▶ Task brief: Below are some records. Retype exactly the lines from the one containing "陈金火:一个农民企业家的人生沉浮与启示" through the one containing "Stuff That Didn't Happen Seagull", both included, skipping every picture.

▶ Data:
- - -

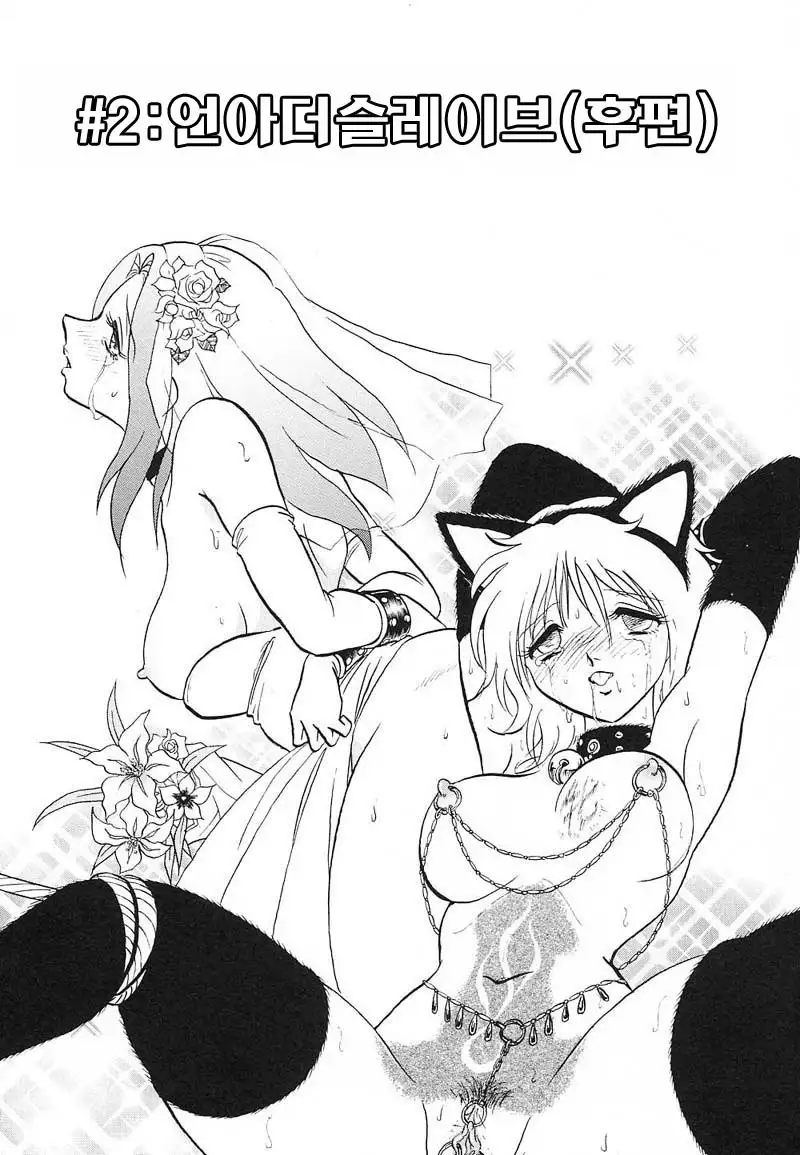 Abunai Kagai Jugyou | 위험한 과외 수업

- - -

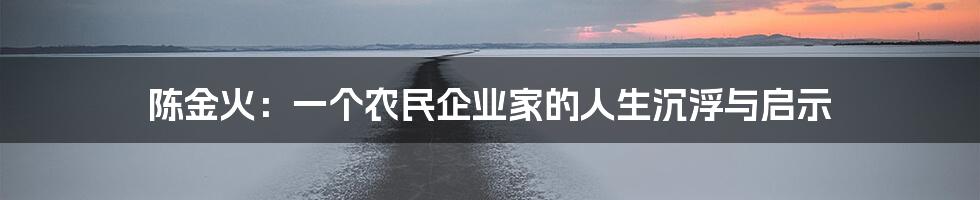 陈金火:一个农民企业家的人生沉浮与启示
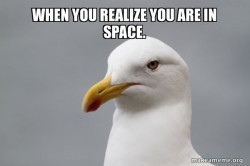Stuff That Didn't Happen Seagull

- - -

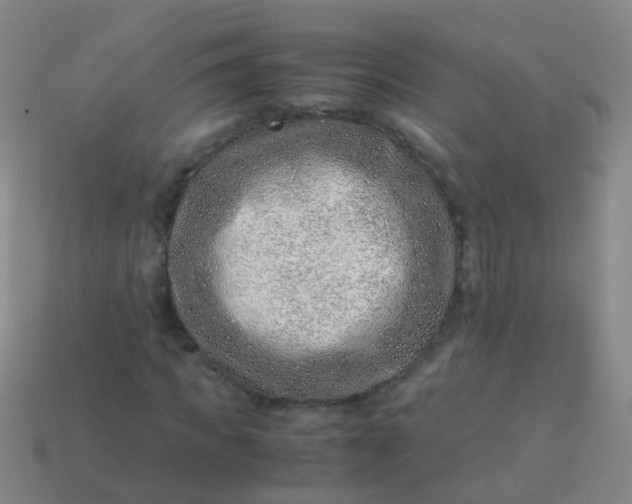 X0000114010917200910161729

- - -

▶ Answer section:
 陈金火:一个农民企业家的人生沉浮与启示
Stuff That Didn't Happen Seagull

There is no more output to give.